ASUS will showcase its strong lineup of commercial devices that includes the ExpertBook series and workstation PCs at the exhibition. Visitors will get a chance to try out the recently released ExpertBook Ultra (B9406), the company’s flagship device that weighs less than a kilogram and measures 10.9 mm thin. Designed for next-generation professionals, the B9406 features up to 50 TOPS NPU, which enables it to perform AI tasks on-device without affecting the performance or battery life. All of this is packed in a lightweight device that also features robust durability and enterprise-grade security. Other devices in the ExpertBook series, the B5405, P5405, as well as the P440 All-in-One and the P500 Expert Centre Mini Tower, will be on the stand.

ASUS will also highlight its AI-driven solutions that enhance productivity, such as AI ExpertMeet, a powerful AI-powered collaboration tool that helps simplify meetings with real-time transcriptions and summaries.

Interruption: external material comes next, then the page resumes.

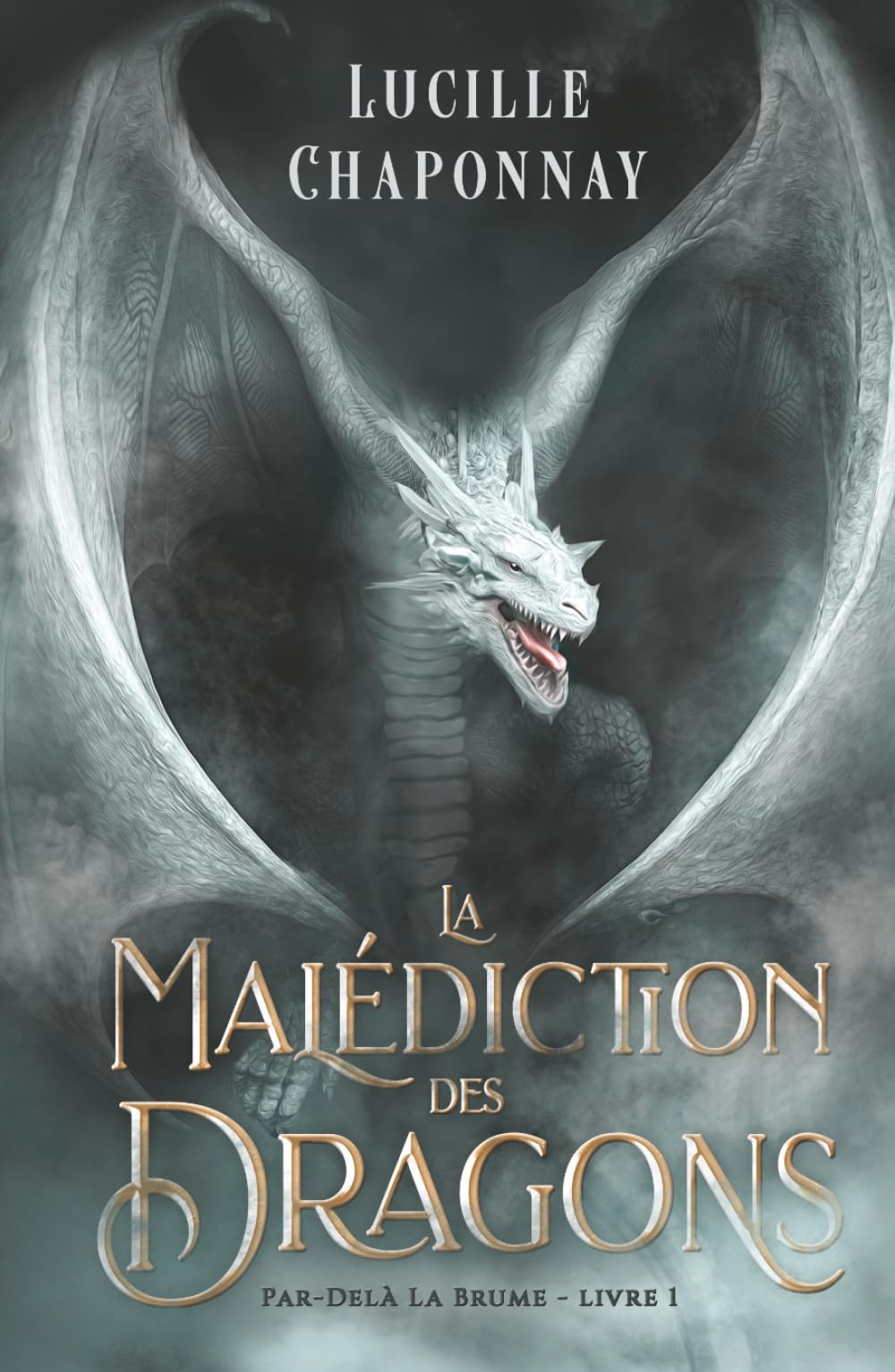 La Malédiction des Dragons: Une Romantasy Slow Burn (Par-Delà la Brume, Band 1) Reference Books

Building on national initiatives such as the Kenya AI Strategy 2025-2030, which positions the region as a hub for AI research, ASUS will support its ambitions with innovative AI-ready solutions. The company has designed its entire commercial portfolio focusing on key factors that help drive digital transformation priorities, such as AI-first design, cloud-ready devices and sustainability. Attendees can visit ASUS’s booth at Hall 2, Stand B45, to experience their latest products.